## [Your assignment]
Everything from the top of the data below through the line with "Contrast Stripe Crochet" should be duplicated exactly, and nothing past it.

──────────

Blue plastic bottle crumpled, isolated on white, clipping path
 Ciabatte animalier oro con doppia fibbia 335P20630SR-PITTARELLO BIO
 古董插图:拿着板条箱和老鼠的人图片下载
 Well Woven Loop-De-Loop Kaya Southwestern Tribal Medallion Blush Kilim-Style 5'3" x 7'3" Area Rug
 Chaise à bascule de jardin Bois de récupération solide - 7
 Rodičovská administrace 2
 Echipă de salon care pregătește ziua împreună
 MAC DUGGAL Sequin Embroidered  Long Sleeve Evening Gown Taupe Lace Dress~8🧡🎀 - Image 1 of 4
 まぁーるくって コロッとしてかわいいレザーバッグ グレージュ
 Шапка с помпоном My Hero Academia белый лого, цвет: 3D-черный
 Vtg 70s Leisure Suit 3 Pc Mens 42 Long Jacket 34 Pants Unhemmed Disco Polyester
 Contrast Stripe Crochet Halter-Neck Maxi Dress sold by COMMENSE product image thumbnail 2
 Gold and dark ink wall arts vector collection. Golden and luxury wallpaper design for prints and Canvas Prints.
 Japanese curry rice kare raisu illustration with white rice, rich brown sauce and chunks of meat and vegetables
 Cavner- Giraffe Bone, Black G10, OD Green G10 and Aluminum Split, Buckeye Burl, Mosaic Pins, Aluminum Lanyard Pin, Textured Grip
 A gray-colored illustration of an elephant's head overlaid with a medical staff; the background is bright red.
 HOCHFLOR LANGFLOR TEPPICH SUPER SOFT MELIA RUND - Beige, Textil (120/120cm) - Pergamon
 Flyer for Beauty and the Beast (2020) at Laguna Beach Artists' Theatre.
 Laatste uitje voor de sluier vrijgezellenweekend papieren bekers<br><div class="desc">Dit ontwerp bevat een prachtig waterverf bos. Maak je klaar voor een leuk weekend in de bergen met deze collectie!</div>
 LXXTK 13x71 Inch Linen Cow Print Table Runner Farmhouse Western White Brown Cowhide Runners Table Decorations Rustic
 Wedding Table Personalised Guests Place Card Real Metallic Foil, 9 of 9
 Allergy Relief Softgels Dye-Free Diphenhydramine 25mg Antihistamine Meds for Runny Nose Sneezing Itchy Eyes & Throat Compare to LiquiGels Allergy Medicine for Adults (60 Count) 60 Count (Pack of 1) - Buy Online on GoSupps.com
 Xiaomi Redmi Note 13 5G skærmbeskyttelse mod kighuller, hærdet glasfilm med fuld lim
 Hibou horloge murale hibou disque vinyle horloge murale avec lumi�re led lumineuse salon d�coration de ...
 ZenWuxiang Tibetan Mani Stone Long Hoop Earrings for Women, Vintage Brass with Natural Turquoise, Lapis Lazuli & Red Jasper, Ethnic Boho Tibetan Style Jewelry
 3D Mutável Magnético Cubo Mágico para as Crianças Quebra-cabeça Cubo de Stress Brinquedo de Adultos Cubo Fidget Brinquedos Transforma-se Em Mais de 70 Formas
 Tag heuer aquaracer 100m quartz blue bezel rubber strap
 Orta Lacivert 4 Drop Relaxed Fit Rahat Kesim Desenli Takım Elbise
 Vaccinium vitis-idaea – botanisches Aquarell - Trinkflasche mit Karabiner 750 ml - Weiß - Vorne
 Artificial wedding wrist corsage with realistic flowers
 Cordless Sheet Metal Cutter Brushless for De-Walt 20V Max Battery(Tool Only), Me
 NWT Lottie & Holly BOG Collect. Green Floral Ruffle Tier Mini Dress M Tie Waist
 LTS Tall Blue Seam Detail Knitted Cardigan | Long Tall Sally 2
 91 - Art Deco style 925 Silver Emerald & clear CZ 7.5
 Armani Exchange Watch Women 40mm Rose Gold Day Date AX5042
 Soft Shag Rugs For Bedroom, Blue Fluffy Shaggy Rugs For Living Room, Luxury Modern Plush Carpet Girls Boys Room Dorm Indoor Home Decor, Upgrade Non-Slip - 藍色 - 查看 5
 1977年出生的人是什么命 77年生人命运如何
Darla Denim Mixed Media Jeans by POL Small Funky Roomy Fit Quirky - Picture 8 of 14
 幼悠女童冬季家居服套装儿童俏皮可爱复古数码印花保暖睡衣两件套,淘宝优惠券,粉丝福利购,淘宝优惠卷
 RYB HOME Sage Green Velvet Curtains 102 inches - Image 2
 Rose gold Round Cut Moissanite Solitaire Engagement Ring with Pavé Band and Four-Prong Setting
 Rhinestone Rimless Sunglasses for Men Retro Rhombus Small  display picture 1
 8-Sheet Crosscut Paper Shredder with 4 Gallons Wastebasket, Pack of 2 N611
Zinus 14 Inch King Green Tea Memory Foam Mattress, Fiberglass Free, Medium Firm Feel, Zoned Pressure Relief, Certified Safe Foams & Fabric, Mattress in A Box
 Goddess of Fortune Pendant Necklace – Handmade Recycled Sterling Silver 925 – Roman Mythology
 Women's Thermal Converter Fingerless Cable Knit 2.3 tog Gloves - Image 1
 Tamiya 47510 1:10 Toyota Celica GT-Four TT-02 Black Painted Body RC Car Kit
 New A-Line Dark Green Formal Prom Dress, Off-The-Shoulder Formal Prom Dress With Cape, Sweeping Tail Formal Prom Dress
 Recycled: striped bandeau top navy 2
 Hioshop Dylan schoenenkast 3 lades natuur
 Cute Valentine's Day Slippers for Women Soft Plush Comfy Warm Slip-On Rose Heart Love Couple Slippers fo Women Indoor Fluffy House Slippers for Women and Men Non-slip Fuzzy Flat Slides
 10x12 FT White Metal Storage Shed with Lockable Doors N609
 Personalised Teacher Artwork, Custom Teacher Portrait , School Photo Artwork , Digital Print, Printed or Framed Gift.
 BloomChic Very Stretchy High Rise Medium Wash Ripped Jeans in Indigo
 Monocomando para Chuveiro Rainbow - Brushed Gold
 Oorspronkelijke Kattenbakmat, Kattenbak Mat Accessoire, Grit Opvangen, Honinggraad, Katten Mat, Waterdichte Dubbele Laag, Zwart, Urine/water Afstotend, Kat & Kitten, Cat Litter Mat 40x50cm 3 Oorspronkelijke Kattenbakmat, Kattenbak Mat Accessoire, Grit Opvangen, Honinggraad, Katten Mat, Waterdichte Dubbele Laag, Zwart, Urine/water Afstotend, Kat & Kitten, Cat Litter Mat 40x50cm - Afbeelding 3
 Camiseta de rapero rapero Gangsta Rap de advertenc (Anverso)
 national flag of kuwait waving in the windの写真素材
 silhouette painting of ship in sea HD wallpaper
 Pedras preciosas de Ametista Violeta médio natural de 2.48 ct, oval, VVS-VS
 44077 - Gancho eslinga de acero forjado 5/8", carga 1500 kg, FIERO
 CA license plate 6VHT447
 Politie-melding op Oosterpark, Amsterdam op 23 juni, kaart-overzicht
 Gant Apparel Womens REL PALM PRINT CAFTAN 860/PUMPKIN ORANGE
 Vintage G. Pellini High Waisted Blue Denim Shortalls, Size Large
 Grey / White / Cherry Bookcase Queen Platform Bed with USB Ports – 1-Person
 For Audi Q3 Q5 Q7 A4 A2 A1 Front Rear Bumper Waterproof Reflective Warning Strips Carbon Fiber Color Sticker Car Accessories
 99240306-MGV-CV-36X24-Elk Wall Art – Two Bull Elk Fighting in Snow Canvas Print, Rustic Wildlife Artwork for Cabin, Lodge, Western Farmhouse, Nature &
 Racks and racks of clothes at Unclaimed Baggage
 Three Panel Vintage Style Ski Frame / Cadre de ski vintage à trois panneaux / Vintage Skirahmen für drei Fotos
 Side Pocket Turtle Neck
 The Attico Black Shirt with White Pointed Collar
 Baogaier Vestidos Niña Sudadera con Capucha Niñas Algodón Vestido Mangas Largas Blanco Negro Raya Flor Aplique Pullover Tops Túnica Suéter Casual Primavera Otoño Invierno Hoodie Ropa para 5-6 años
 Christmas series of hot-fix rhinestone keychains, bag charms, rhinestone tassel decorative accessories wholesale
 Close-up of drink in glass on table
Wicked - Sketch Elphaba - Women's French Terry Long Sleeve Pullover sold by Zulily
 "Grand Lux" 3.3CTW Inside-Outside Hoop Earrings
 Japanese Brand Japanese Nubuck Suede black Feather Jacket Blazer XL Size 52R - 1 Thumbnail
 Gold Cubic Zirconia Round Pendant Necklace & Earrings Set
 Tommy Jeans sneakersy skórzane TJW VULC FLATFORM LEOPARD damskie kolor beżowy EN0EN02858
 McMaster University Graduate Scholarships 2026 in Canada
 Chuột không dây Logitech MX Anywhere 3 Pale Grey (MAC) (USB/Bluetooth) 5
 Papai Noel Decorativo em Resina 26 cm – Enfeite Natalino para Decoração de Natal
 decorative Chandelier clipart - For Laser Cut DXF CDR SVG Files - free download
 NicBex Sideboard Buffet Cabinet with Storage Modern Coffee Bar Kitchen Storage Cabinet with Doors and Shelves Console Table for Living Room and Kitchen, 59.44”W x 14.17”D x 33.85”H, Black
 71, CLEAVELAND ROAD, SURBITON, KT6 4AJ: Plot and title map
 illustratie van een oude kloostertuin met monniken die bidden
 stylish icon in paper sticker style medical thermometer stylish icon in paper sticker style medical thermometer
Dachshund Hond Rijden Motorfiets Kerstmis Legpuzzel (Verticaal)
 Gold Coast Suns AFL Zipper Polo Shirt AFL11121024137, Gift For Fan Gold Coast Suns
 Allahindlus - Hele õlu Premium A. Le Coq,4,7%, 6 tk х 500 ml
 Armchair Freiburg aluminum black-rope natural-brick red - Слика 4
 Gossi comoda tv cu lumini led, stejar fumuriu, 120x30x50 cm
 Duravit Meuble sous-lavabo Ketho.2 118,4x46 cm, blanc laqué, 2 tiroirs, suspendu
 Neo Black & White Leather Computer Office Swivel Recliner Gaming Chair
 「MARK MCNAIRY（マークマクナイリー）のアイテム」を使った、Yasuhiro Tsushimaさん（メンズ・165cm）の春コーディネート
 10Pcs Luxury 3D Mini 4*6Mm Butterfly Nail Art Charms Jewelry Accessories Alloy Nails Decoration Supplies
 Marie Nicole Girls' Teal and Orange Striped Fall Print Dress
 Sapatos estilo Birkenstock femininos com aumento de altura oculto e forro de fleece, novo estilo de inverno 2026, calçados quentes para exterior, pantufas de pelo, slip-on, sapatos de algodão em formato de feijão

──────────

## [Solution]
Blue plastic bottle crumpled, isolated on white, clipping path
 Ciabatte animalier oro con doppia fibbia 335P20630SR-PITTARELLO BIO
 古董插图:拿着板条箱和老鼠的人图片下载
 Well Woven Loop-De-Loop Kaya Southwestern Tribal Medallion Blush Kilim-Style 5'3" x 7'3" Area Rug
 Chaise à bascule de jardin Bois de récupération solide - 7
 Rodičovská administrace 2
 Echipă de salon care pregătește ziua împreună
 MAC DUGGAL Sequin Embroidered  Long Sleeve Evening Gown Taupe Lace Dress~8🧡🎀 - Image 1 of 4
 まぁーるくって コロッとしてかわいいレザーバッグ グレージュ
 Шапка с помпоном My Hero Academia белый лого, цвет: 3D-черный
 Vtg 70s Leisure Suit 3 Pc Mens 42 Long Jacket 34 Pants Unhemmed Disco Polyester
 Contrast Stripe Crochet Halter-Neck Maxi Dress sold by COMMENSE product image thumbnail 2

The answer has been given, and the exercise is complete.